Finally there is the NumPy documentation.
Importing NumPy:
SageMath comes with Numpy, but it is not immediately available. You need to import the package.
There are two standard ways. You could just import the package:
import numpy
Then to create a NumPy array, you would do:
numpy.array([1,2,3,4])
array([1, 2, 3, 4])
To save some typing, you can import the package with:
import numpy as np
This makes the NumPy package available as np
. So, you save three characters when creating your array:
v = np.array([1,2,3,4])
Those three characters seem unimportant, but sometimes you'll have np
or numpy
all over the place... Choose one!
These are vectors:
3*v
array([ 3, 6, 9, 12])
v+v
array([2, 4, 6, 8])
Unlike with SageMath when you apply a standard function to an array, it applies it in every coordinate. For example:
cos(v)
array([ 0.54030231, -0.41614684, -0.9899925 , -0.65364362])

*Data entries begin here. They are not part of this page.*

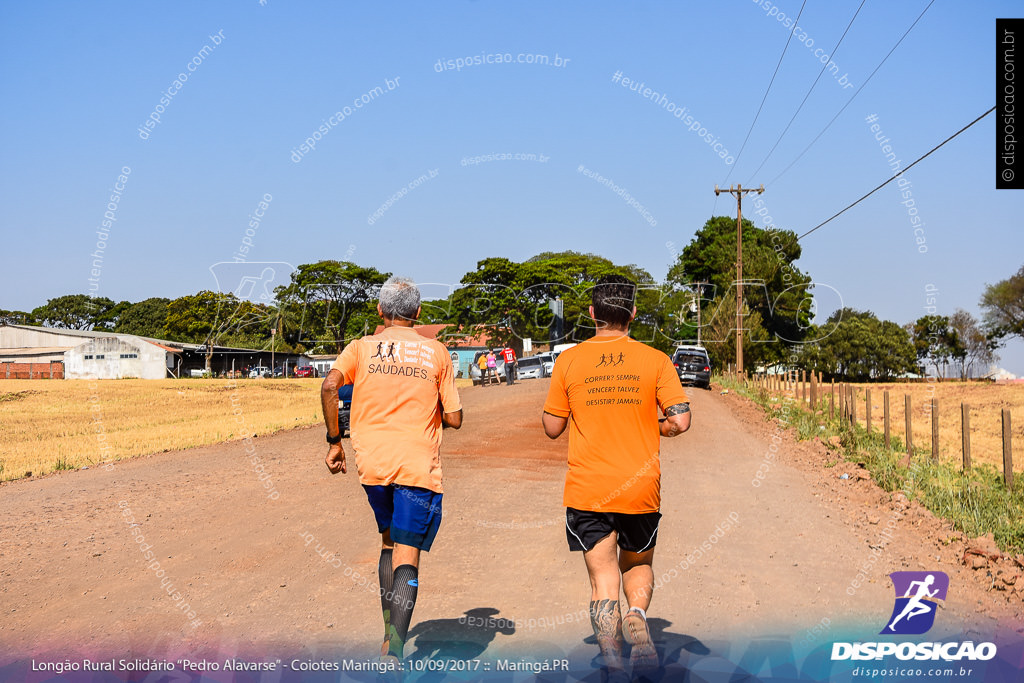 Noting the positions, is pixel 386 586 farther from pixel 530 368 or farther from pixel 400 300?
pixel 530 368

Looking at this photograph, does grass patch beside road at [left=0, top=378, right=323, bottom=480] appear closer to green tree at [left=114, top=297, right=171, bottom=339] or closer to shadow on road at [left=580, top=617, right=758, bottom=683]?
shadow on road at [left=580, top=617, right=758, bottom=683]

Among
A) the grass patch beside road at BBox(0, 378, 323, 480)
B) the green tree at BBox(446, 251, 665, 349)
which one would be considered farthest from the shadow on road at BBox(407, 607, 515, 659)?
the green tree at BBox(446, 251, 665, 349)

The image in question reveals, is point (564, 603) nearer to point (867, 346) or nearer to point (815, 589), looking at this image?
point (815, 589)

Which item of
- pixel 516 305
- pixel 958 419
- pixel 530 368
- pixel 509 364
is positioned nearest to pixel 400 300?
pixel 509 364

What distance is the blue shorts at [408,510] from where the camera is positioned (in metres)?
4.27

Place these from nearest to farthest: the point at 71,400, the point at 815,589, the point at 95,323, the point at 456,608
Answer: the point at 456,608 < the point at 815,589 < the point at 71,400 < the point at 95,323

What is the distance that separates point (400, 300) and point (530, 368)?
3776 cm

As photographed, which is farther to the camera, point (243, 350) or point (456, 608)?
point (243, 350)

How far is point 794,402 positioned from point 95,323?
8088cm

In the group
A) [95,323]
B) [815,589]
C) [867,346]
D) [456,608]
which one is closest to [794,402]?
[815,589]

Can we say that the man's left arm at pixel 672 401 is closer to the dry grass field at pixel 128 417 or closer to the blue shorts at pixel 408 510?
the blue shorts at pixel 408 510

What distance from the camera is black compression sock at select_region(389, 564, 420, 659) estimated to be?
164 inches

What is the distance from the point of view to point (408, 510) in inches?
168

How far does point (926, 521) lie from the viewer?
8391 millimetres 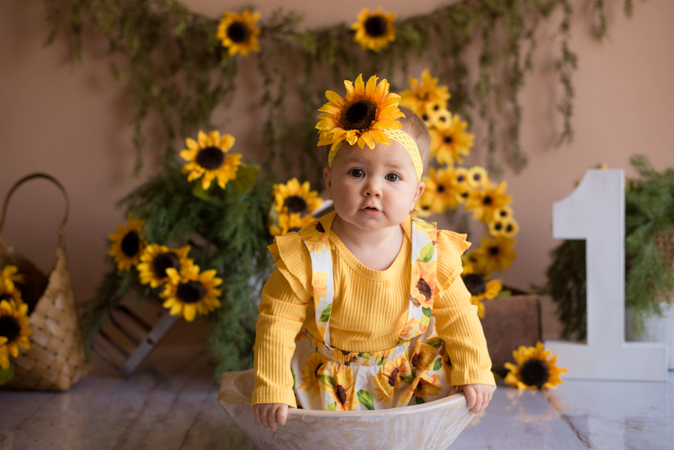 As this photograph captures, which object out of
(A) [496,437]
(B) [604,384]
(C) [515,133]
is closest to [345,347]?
(A) [496,437]

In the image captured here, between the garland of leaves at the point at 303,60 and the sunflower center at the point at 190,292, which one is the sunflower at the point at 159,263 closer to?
the sunflower center at the point at 190,292

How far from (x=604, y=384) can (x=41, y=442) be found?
47.8 inches

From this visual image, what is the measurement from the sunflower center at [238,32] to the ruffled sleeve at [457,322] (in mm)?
888

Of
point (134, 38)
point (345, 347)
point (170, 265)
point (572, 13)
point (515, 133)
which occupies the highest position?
point (572, 13)

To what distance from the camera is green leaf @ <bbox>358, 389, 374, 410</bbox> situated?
0.83 metres

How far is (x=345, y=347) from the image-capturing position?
85 cm

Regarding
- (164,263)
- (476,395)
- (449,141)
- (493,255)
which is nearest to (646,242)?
(493,255)

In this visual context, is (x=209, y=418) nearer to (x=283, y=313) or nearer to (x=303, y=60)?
(x=283, y=313)

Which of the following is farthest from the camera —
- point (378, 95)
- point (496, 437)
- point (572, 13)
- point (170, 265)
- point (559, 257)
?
point (572, 13)

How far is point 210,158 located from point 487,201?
2.42 ft

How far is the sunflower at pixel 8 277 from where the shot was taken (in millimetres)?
1185

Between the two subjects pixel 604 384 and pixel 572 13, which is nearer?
pixel 604 384

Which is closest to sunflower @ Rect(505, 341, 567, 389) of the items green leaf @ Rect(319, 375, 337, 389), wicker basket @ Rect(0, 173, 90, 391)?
green leaf @ Rect(319, 375, 337, 389)

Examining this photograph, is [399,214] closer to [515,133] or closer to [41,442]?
[41,442]
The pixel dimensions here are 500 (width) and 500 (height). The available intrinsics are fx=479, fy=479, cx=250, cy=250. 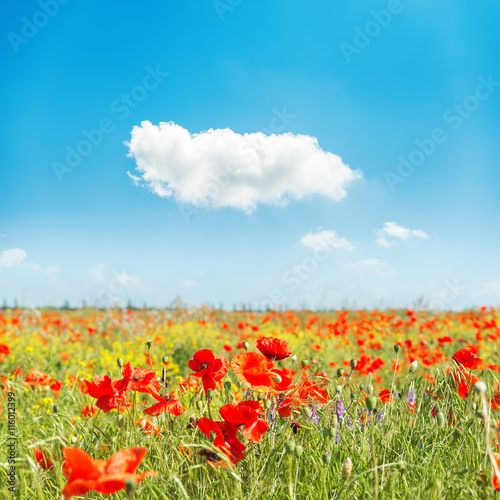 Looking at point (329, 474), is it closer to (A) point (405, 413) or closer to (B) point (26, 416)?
(A) point (405, 413)

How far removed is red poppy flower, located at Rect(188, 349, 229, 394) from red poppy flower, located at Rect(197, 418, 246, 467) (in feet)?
0.64

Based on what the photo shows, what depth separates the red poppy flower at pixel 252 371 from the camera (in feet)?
5.79

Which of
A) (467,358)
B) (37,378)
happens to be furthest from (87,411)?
(467,358)

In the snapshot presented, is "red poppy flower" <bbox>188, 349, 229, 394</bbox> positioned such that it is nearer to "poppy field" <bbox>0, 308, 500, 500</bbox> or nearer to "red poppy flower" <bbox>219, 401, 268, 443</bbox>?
"poppy field" <bbox>0, 308, 500, 500</bbox>

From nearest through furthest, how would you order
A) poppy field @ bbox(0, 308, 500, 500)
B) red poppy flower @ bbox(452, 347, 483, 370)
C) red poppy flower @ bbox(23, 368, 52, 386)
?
poppy field @ bbox(0, 308, 500, 500) → red poppy flower @ bbox(452, 347, 483, 370) → red poppy flower @ bbox(23, 368, 52, 386)

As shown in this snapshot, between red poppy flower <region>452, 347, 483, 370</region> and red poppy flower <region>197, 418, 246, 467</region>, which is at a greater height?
red poppy flower <region>452, 347, 483, 370</region>

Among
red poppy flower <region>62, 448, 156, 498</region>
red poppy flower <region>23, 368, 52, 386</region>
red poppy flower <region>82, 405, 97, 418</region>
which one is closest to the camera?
red poppy flower <region>62, 448, 156, 498</region>

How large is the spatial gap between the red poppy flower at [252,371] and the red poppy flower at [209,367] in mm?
120

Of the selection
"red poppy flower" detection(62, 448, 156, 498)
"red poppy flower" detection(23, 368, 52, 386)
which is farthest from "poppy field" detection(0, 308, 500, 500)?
"red poppy flower" detection(23, 368, 52, 386)

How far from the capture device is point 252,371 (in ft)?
5.81

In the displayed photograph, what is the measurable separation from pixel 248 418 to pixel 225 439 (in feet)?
0.45

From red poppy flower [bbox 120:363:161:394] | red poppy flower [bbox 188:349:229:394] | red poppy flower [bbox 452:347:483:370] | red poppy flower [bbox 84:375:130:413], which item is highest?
red poppy flower [bbox 452:347:483:370]

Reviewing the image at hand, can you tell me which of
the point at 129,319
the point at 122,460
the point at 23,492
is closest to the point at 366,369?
the point at 23,492

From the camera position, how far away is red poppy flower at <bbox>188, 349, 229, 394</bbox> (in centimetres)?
190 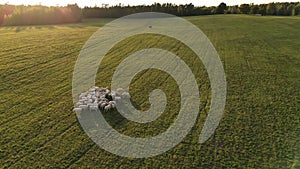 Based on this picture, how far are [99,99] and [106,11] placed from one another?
58.2 meters

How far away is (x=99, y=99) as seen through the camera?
9.08 m

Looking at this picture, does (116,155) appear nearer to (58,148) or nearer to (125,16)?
(58,148)

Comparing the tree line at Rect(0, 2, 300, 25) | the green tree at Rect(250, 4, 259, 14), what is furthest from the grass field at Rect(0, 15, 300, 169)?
the green tree at Rect(250, 4, 259, 14)

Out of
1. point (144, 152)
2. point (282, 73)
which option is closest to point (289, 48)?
point (282, 73)

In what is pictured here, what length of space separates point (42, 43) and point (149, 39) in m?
9.01

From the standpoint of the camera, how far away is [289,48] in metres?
18.9

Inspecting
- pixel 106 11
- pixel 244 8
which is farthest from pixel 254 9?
pixel 106 11

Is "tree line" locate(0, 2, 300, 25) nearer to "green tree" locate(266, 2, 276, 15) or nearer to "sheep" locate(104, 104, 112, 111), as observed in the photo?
"green tree" locate(266, 2, 276, 15)

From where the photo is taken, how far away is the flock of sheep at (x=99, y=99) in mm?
8609

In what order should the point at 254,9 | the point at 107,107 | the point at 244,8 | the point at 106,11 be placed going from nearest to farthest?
the point at 107,107, the point at 254,9, the point at 244,8, the point at 106,11

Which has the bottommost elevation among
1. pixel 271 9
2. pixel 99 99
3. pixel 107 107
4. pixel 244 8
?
pixel 107 107

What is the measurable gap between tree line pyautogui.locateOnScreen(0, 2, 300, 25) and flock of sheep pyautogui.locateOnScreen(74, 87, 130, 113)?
40.5 m

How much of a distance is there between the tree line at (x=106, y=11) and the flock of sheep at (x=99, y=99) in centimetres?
4049

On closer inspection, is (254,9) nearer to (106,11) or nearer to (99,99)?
(106,11) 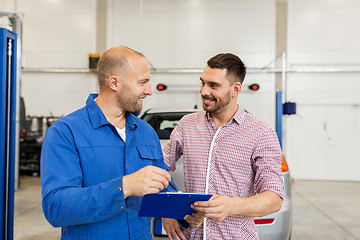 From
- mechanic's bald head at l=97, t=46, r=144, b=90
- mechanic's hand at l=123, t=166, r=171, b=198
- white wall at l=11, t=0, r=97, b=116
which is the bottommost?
mechanic's hand at l=123, t=166, r=171, b=198

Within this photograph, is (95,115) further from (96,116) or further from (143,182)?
(143,182)

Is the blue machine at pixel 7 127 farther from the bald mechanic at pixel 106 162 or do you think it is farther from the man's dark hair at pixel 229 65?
the man's dark hair at pixel 229 65

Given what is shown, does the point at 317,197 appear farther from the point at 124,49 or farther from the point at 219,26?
the point at 124,49

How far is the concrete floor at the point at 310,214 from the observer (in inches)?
146

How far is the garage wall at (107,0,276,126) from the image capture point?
8109 mm

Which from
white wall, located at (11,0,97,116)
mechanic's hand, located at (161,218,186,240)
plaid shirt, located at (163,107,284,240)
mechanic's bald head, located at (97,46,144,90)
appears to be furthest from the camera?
white wall, located at (11,0,97,116)

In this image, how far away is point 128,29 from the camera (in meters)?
8.34

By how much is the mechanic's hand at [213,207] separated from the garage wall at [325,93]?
7242 mm

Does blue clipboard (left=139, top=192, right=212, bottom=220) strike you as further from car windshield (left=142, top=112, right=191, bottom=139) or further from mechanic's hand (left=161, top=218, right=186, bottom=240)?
car windshield (left=142, top=112, right=191, bottom=139)

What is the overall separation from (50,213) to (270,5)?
26.8ft

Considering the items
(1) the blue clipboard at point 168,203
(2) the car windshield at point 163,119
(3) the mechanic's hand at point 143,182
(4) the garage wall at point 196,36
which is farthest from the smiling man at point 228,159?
(4) the garage wall at point 196,36

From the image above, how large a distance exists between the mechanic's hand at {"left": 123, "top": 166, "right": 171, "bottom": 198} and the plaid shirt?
1.61ft

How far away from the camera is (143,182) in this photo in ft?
3.52

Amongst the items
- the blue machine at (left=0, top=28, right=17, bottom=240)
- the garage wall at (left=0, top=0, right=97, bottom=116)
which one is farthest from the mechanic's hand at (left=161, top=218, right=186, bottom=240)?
the garage wall at (left=0, top=0, right=97, bottom=116) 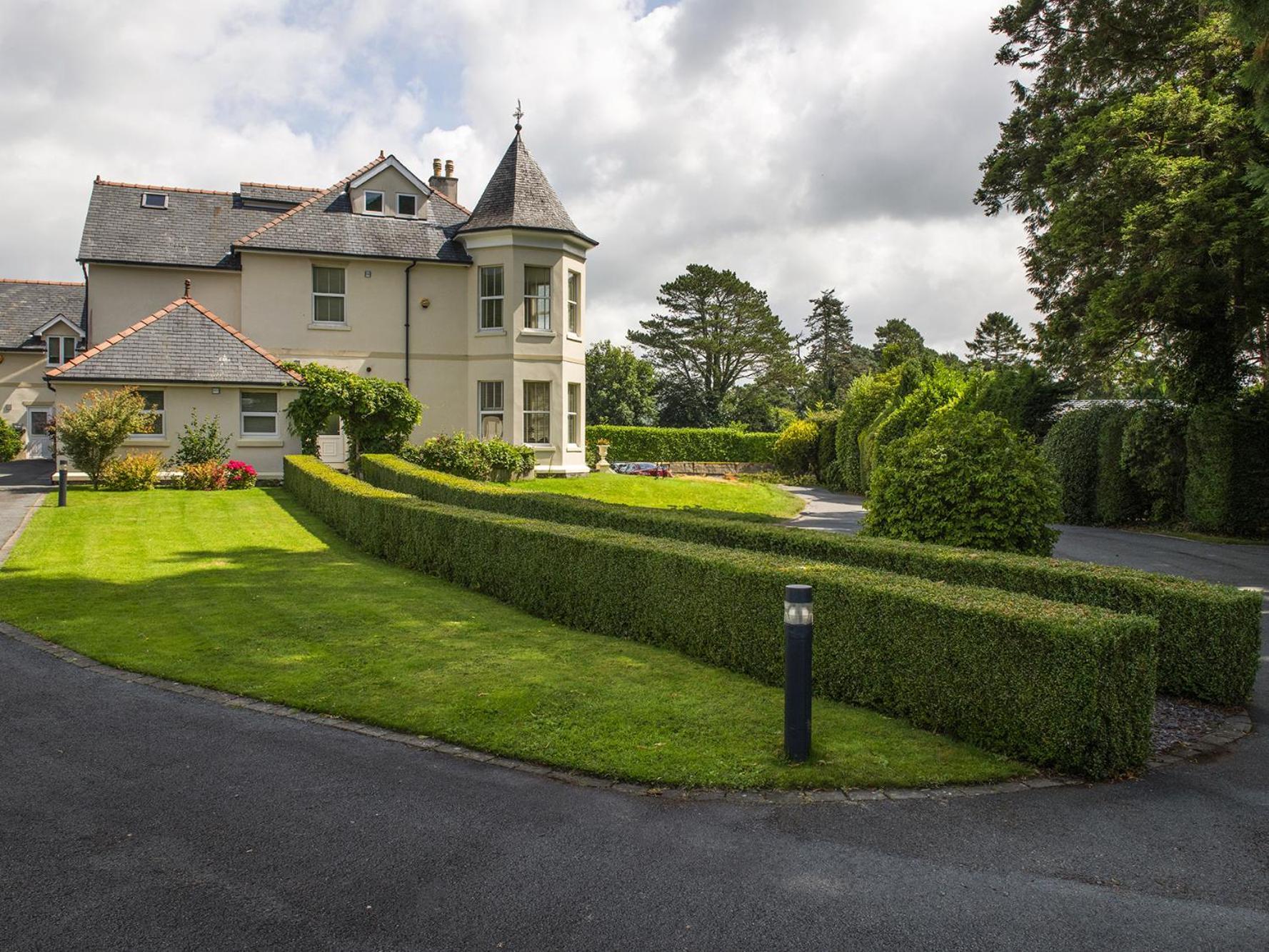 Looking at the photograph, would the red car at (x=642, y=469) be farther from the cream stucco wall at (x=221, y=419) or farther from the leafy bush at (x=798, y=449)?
the cream stucco wall at (x=221, y=419)

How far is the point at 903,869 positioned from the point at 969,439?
7701mm

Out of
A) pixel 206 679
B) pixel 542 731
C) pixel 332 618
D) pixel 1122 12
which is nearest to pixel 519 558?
pixel 332 618

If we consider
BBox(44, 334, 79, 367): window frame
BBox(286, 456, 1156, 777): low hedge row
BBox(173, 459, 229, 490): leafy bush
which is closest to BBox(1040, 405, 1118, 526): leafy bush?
BBox(286, 456, 1156, 777): low hedge row

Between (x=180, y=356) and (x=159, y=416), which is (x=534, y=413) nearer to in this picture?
(x=180, y=356)

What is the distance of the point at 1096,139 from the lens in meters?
19.5

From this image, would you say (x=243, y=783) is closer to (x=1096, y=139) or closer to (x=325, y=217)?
(x=1096, y=139)

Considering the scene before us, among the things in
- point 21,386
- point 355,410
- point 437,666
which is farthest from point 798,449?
point 21,386

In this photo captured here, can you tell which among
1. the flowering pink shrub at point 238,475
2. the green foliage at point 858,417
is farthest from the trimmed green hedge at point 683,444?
the flowering pink shrub at point 238,475

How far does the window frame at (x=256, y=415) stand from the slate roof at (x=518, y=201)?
8507 millimetres

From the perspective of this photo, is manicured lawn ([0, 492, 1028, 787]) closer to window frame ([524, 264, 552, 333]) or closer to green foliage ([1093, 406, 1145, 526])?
window frame ([524, 264, 552, 333])

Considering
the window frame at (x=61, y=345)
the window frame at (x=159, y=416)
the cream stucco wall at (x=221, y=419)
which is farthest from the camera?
the window frame at (x=61, y=345)

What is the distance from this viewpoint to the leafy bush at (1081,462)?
23141 mm

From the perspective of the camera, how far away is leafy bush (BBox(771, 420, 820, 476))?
43.2 metres

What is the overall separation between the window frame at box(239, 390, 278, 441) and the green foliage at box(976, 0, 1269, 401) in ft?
68.1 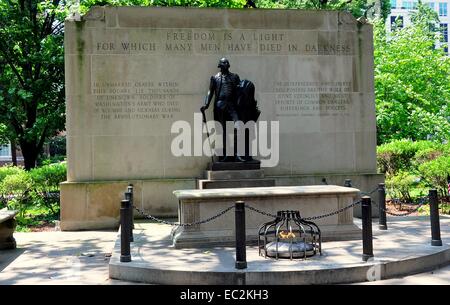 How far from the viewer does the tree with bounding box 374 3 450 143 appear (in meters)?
23.9

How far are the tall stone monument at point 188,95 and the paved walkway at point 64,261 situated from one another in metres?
1.52

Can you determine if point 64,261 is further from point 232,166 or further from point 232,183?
point 232,166

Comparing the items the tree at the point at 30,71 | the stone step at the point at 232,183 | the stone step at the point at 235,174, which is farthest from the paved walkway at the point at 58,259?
the tree at the point at 30,71

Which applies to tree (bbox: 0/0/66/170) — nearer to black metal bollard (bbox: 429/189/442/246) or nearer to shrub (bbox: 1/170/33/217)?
shrub (bbox: 1/170/33/217)

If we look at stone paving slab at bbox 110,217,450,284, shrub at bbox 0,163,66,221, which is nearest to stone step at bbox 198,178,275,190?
stone paving slab at bbox 110,217,450,284

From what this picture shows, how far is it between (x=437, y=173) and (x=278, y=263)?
9792 mm

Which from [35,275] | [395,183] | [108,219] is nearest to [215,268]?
[35,275]

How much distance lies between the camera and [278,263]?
7.75m

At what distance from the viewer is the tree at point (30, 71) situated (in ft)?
64.2

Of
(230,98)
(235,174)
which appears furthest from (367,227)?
(230,98)

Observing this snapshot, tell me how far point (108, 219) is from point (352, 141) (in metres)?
7.68

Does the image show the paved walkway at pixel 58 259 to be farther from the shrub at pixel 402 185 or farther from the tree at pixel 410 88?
the tree at pixel 410 88

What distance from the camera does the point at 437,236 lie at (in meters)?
8.94

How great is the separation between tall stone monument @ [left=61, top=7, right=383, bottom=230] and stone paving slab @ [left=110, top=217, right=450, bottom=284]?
438cm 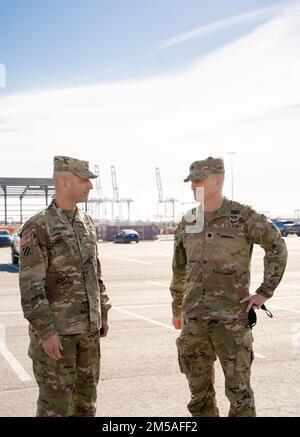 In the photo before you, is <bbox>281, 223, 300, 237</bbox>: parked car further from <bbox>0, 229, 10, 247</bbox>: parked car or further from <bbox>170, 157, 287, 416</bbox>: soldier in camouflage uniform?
<bbox>170, 157, 287, 416</bbox>: soldier in camouflage uniform

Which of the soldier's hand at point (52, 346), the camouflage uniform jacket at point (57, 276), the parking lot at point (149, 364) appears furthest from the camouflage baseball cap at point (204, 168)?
the parking lot at point (149, 364)

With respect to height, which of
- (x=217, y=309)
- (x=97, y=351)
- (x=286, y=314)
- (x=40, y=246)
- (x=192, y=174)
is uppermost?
(x=192, y=174)

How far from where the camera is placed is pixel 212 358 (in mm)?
4250

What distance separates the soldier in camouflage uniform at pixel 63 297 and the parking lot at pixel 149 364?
1388mm

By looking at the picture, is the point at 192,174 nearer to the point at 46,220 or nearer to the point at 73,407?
the point at 46,220

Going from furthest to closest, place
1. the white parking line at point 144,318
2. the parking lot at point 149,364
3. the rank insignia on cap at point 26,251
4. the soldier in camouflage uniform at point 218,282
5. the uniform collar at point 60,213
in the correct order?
1. the white parking line at point 144,318
2. the parking lot at point 149,364
3. the soldier in camouflage uniform at point 218,282
4. the uniform collar at point 60,213
5. the rank insignia on cap at point 26,251

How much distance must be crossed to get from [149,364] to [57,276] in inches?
130

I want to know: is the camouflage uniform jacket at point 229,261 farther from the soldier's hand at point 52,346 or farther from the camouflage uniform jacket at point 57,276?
the soldier's hand at point 52,346

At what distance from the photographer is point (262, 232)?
4238mm

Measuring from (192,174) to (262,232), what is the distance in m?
0.67

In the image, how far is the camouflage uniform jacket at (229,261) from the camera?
4238mm

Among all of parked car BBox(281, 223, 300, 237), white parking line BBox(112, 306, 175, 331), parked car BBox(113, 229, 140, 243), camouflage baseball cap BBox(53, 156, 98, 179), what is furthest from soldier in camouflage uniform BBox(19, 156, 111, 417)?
parked car BBox(281, 223, 300, 237)

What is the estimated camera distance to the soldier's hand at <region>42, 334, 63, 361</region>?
378cm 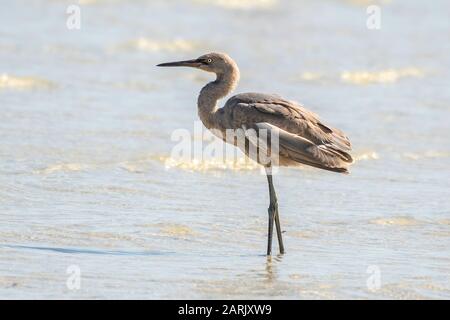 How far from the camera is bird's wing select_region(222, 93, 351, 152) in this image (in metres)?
9.30

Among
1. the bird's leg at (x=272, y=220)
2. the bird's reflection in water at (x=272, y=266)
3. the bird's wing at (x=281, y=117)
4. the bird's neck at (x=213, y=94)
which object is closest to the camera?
the bird's reflection in water at (x=272, y=266)

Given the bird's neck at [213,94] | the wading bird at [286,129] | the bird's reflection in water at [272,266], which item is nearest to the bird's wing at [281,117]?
the wading bird at [286,129]

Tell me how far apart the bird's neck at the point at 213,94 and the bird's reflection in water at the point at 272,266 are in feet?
4.37

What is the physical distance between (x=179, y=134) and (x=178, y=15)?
10.3 m

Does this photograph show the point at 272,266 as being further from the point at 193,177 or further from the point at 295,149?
the point at 193,177

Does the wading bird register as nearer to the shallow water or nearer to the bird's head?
the bird's head

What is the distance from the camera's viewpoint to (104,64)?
700 inches

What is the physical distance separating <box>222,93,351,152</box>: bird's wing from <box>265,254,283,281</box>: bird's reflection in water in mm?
1029

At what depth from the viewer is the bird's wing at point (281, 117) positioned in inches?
366

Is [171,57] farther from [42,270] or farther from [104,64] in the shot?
[42,270]

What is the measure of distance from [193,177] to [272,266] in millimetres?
2991

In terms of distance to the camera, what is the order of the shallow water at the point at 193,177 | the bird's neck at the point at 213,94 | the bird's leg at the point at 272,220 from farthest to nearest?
1. the bird's neck at the point at 213,94
2. the bird's leg at the point at 272,220
3. the shallow water at the point at 193,177

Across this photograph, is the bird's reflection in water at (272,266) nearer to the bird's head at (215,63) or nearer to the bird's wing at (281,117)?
the bird's wing at (281,117) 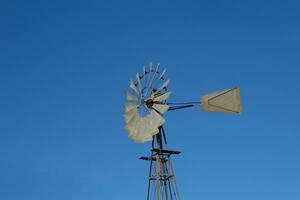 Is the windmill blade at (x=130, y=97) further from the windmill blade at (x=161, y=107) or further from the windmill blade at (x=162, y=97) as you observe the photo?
the windmill blade at (x=161, y=107)

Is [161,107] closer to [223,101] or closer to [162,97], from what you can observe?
[162,97]

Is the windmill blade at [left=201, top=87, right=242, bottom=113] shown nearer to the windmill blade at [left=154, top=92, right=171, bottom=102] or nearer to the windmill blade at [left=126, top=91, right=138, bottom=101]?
the windmill blade at [left=154, top=92, right=171, bottom=102]

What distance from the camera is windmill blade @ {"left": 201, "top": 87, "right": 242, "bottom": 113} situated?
4012 cm

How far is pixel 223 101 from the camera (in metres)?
40.4

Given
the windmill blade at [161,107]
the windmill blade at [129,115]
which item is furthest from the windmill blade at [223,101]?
A: the windmill blade at [129,115]

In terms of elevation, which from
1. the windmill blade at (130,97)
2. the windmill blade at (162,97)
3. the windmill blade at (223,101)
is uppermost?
the windmill blade at (130,97)

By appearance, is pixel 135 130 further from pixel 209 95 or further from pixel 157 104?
pixel 209 95

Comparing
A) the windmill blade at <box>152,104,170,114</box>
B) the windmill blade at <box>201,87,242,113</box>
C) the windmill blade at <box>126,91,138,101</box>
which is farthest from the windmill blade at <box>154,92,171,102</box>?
the windmill blade at <box>201,87,242,113</box>

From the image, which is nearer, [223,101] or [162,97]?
[223,101]

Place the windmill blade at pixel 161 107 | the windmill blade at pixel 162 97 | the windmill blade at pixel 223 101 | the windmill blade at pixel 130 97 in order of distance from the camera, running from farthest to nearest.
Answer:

Remark: NumPy has a built in cosine function of its own, np.cos
. Presumably SageMath recognized that v
is a Numpy array and passes off the call to np.cos
. We get the same result:
np.cos(v)
array([ 0.54030231, -0.41614684, -0.9899925 , -0.65364362])
Compare this to applying cosine to a standard Sage vector:
w = vector([1,2,3,4])
cos(w)
--------------------------------------------------------------------------- TypeError Traceback (most recent call last) File ~/Git/sage/sage/src/sage/symbolic/function.pyx:534, in sage.symbolic.function.Function.__call__() 533 try: --> 534 args = [SR.coerce(a) for a in args] 535 except TypeError as err: File ~/Git/sage/sage/src/sage/structure/parent.pyx:1198, in sage.structure.parent.Parent.coerce() 1197 -> 1198 cpdef coerce(self, x): 1199 """ File ~/Git/sage/sage/src/sage/structure/parent.pyx:1228, in sage.structure.parent.Parent.coerce() 1227 _record_exception() -> 1228 raise TypeError(_LazyString("no canonical coercion from %s to %s", (parent(x), self), {})) 1229 else: TypeError: no canonical coercion from Ambient free module of rank 4 over the principal ideal domain Integer Ring to Symbolic Ring During handling of the above exception, another exception occurred: TypeError Traceback (most recent call last) Cell In[32], line 2 1 w = vector([Integer(1),Integer(2),Integer(3),Integer(4)]) ----> 2 cos(w) File ~/Git/sage/sage/src/sage/symbolic/function.pyx:1046, in sage.symbolic.function.BuiltinFunction.__call__() 1044 res = self._evalf_try_(*args) 1045 if res is None: -> 1046 res = super().__call__( 1047 *args, coerce=coerce, hold=hold) 1048 File ~/Git/sage/sage/src/sage/symbolic/function.pyx:547, in sage.symbolic.function.Function.__call__() 545 if callable(method): 546 return method() --> 547 raise TypeError("cannot coerce arguments: %s" % (err)) 548 549 else: # coerce == False TypeError: cannot coerce arguments: no canonical coercion from Ambient free module of rank 4 over the principal ideal domain Integer Ring to Symbolic Ring
This can lead to unexpected results. For example in Sage, multiplication of vectors is the dot product. But, in NumPy we get:
print(v)
v*v
[1 2 3 4]
array([ 1, 4, 9, 16])
With arrays, most things are computed coordinate-wise.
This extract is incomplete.